E.g. this is 'named, optional arguments East Egg' is a useful trick which also improves readability:

    my_func((my_struct) { .bla = 1, .blub = 2, });



I've tried something similar previously.

    typedef struct pixel {
        int r;
        int g;
        int b;
    } pixel_t;

    #define PIXEL(red, green, blue) \
    (pixel_t)                       \
    {                               \
      .r = (red),                   \
      .g = (green),                 \
      .b = (blue)
    }
Then I could invoke the function

    void display_pixel(pixel_t pixel);
by calling,

    display_pixel(PIXEL(255, 255, 255));
And you could even,

    return PIXEL(255, 255, 255);
Like magic. In other words, how do you pretend that you have syntax-level OOP in C... On retrospect, the macro could reduce readability, writing the argument explicitly may be better.

    display_pixel((pixel_t) {.r = 255, .g = 255, .b = 255});


I would recommend not doing that. Just use the initializer syntax, or write an inline function.


C++ supports C features to the extent that they don't overlap with C++ ones.

The compatibility with the C library is up to C11 for example.


I think what GP is referring to is C++ not supporting C's designated initializers, restrict qualifiers, or flexible array members features. These are roughly the only C features not in C++ that are worth supporting (the STL in C++ works better than VLAs, and templates work better than type-generic macros). All of the other new C features are either backported C++ features with different spellings, or new functionality (mostly library) that C++ adopts.


VLAs are gone, were made optional in C11, thus every compiler that jumped from C89 to C11 never bothered with them.

Google even sponsored a massive effort to clean the Linux kernel of their use.

A subset of designated initializers is supported in C++20.


There's a surprising amount of perfectly valid C code that's not valid C++ (not even taking regrettable design warts like VLAs into account). The "common subset" of C and C++ is both a subset of C, and a subset of C++, e.g.
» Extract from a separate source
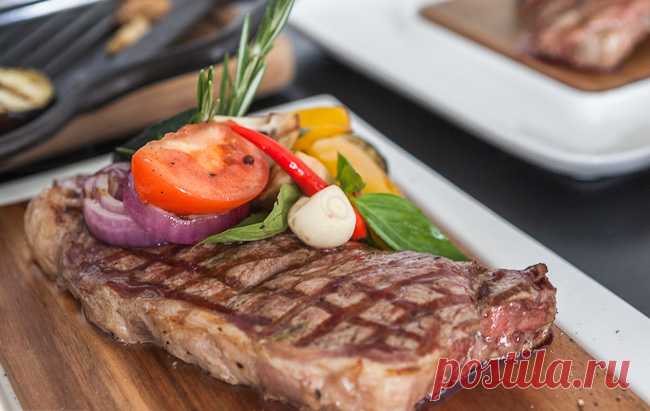 Hobby Grill - Нью-Йорк стейк с овощами-гриль и соусом «Горгонзола»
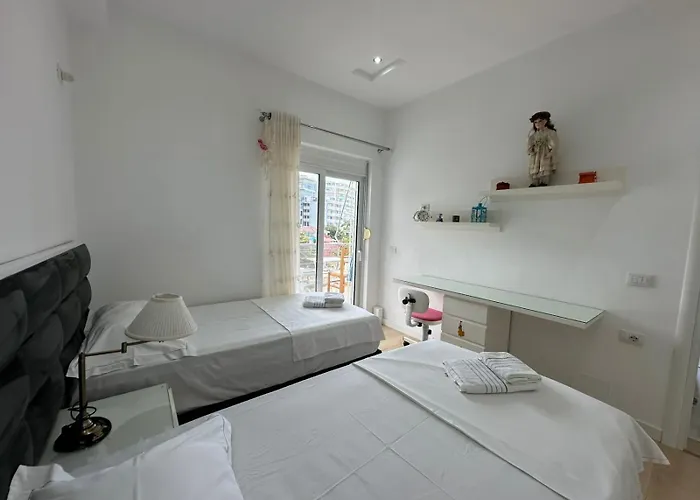 Βeachfront Luxury Apartments Sarande شقة *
C++ has forked C and turned its C subset into a non-standard dialect.

It's interesting that the other C descendant Objective-C has decided to "respect" its C subset instead of messing with it, with the result that new C standards are automatically supported in ObjC.


A descendant that would be dead by now wouldn't Apple decided to buy NeXT.
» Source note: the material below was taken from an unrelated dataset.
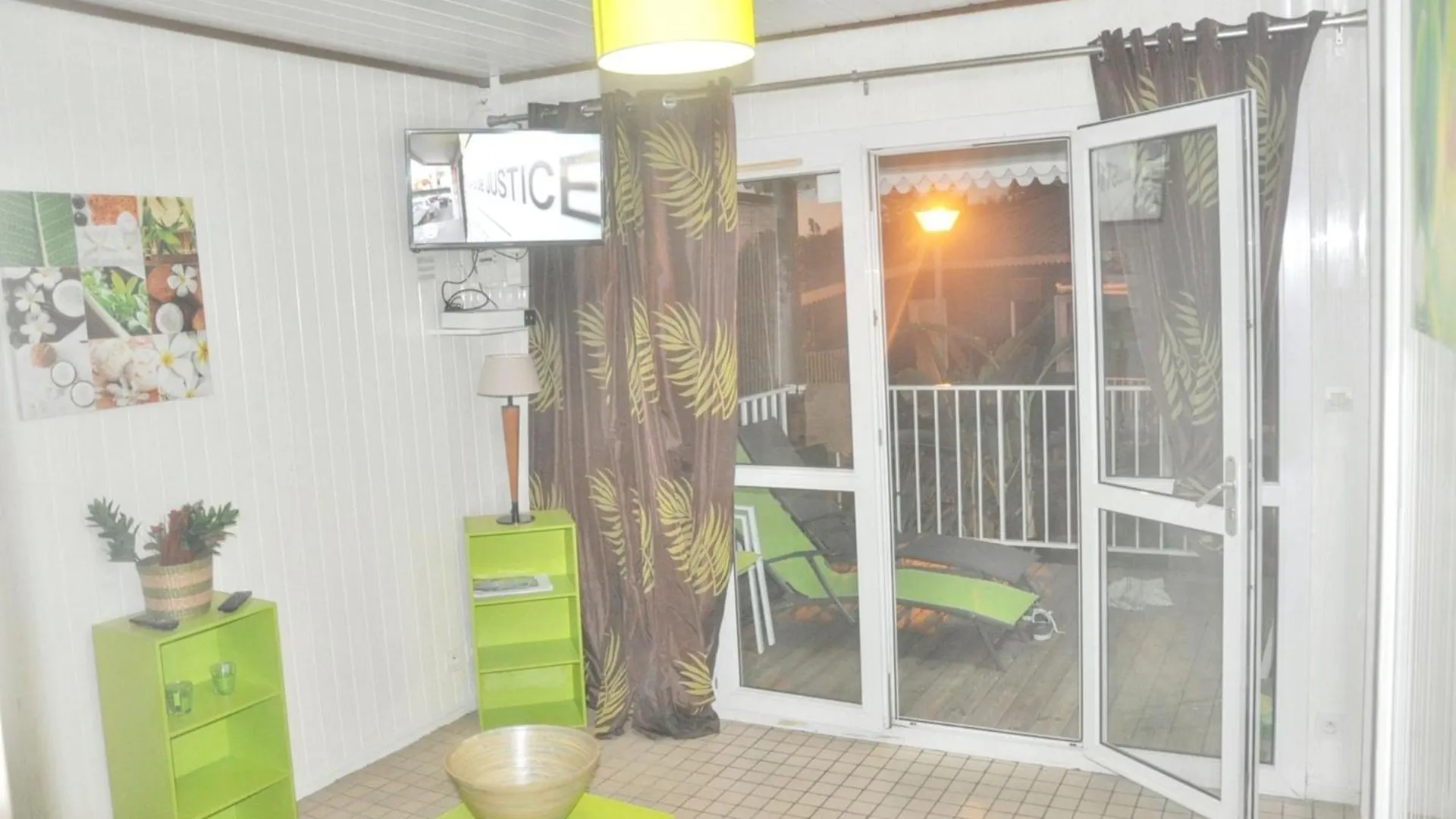 Bungalow Confortable Avec Vue Mer A Bouillante Guadeloupe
VLAs are dead, a broken design fixed in C11 by removing it from the standard, no idea why everyone keeps referring to them.
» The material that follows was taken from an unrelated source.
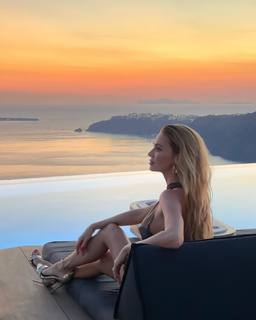 Andrea Veresova feet photo thumbnail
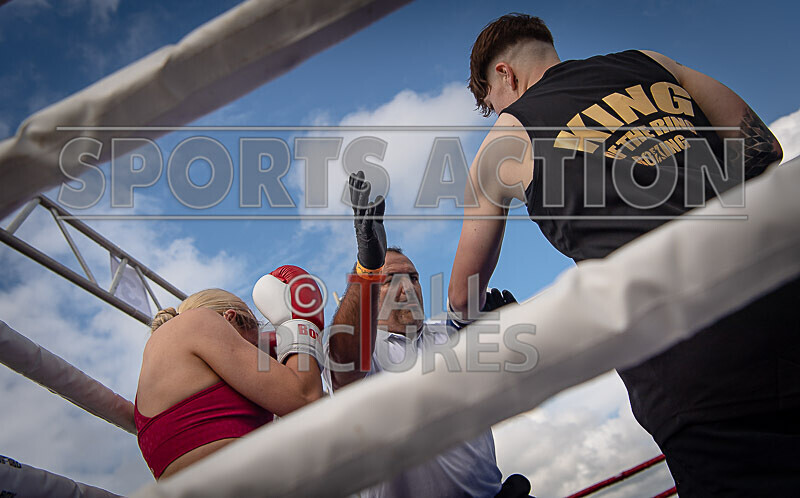 BOUT 5- Leonie Chardonnay Pike v Ellie Rocky Robinson-39 - BOUT 5- Leonie 'Chardonnay' Pike v Ellie 'Rocky' Robinson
> A subset of designated initializers is supported in C++20.

Took them only 21 years... And this standard being so recent, most projects won't have that for years to come.


Doesn't matter, the point was what C subset does C++ support today.

https://godbolt.org/z/GW59rM


C++20 designated initializers must be specified in definition order, whereas they don't in C99.

In your example,

    Point point = {.z = 2.0, .x = 1.0};
produces a compilation error. This is annoying, but workable. And at least it's a compile-time error, rather than a bug that perniciously sneaks into production.


Why do you think I wrote "A subset of designated initializers is supported in C++20."?


The one good use of VLAs I know of is casting a buffer into a multidimensional (variable-length) array to allow for subscripting to work.


Whatever good uses VLAs might actually have had, they are gone with C11.


Well, they're a conditional feature now, you are supposed to check __STDC_NO_VLA__.


Which basically means that outside gcc and clang based compilers, __STDC_NO_VLA__ will be false, for example on MSVC or IAR Embedded Workbench.